Premier article d'une série sur l'art digital du Portoricain Omar Banuchi.
Le 11 février, à deux jours de la Saint-Valentin, une série d”images [en espagnol] aussi colorées qu'étranges a commencé à circuler sur les réseaux sociaux. En fait, il s'agit de différentes cartes postales qui continuent à réapparaître dans mon fil d'information, partagées à maintes reprises par mes relations Facebook. Une d'elles représente un gros plan d'un médium pointant vers le spectateur. Ce qui frappe l'oeil, c'est le rouge foncé de l'ongle verni, et ce même rouge est sur le coeur de la bague visible sur le dessin. Les fonds sont lumineux et vifs ; les lignes, d'une carte à l'autre, suivent le même trait épais.
Quelques-unes de ces cartes portent un message, comme si c'était un mème bizarre se moquant d'une carte de voeux de la marque Hallmark. Voilà, par exemple, une carte avec
- le chat couleur vert néon [es] qui se lèche entre les pattes, avec une bulle qui serait tout à fait à l'aise dans n'importe quelle BD et qui proclame : “Cette Saint-Valentin ne sera pas si nulle après tout…”.
Sur une autre carte, un animal fantastique vert [es] avec une trompe d'éléphant et les yeux démesurés – sur un fond jaune auquel le mot “criard” ne fait pas justice – se promène sous la devise “l'amour animal est ce qu'il est”.

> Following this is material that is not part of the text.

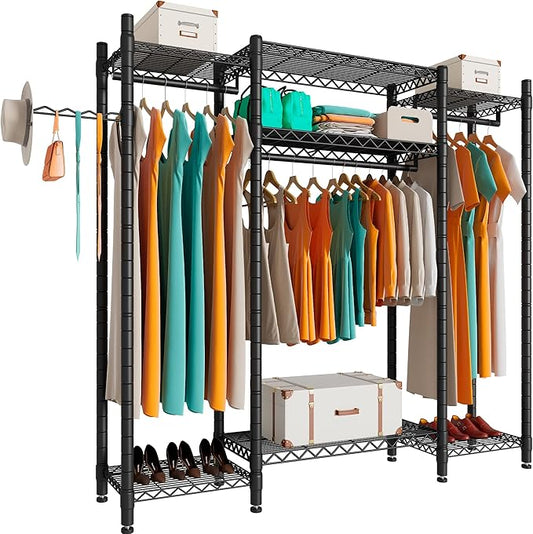 PUNION Heavy Duty L Shaped Clothes Rack with 7 Shelves, Sturdy Metal Wardrobe Closet Rack for Hanging Clothes, 56" L x 14" W x 71" H, Max Load 520lbs, Black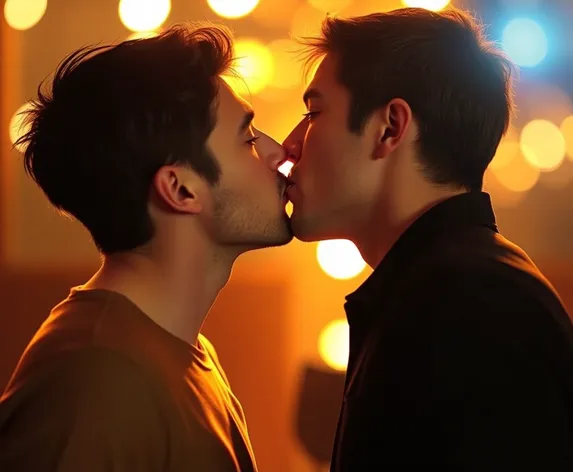 two dudes kissing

Entre-temps, la page Facebook de l'artiste [es], qui a mis ces cartes en circulation, déclare : “Elles sont un peu vieilles, je le sais. J'ai toujours eu envie d'en faire de nouvelles, mais bon… Utilisez-les sagement. Téléchargez et partagez”.
Bienvenue dans le monde d'Omar Banuchi. La sensibilité, la manière de prendre une distance ironique pour se moquer de l'amour lors de la journée nationale des cartes postales et des chocolats bon marché et au même temps l'hommage au sentiment, continuent d'être la signature de l'artiste. D'ordinaire, ses dessins laissent la même impression légèrement fantasmagorique, comme si l'on pouvait accéder à la vraie image de ses sujets en décortiquant tout simplement cette couche du pop clairement tracé qui ne cesse jamais d'être joueuse. Mais c'est sur la surface que son art oeuvre, soit la surface brillante saturée de couleurs complémentaires, soit la surface de la tablette de la marque Wacom qui lui sert de canevas. Banuchi est un illustrateur numérique et son métier se nourrit des outils apportés par les nouveaux médias. Ce qui est sûr, c'est que sous la plupart de ses oeuvres il y a une photo ou un photomontage, sur lesquels l'artiste a dessiné ou peint.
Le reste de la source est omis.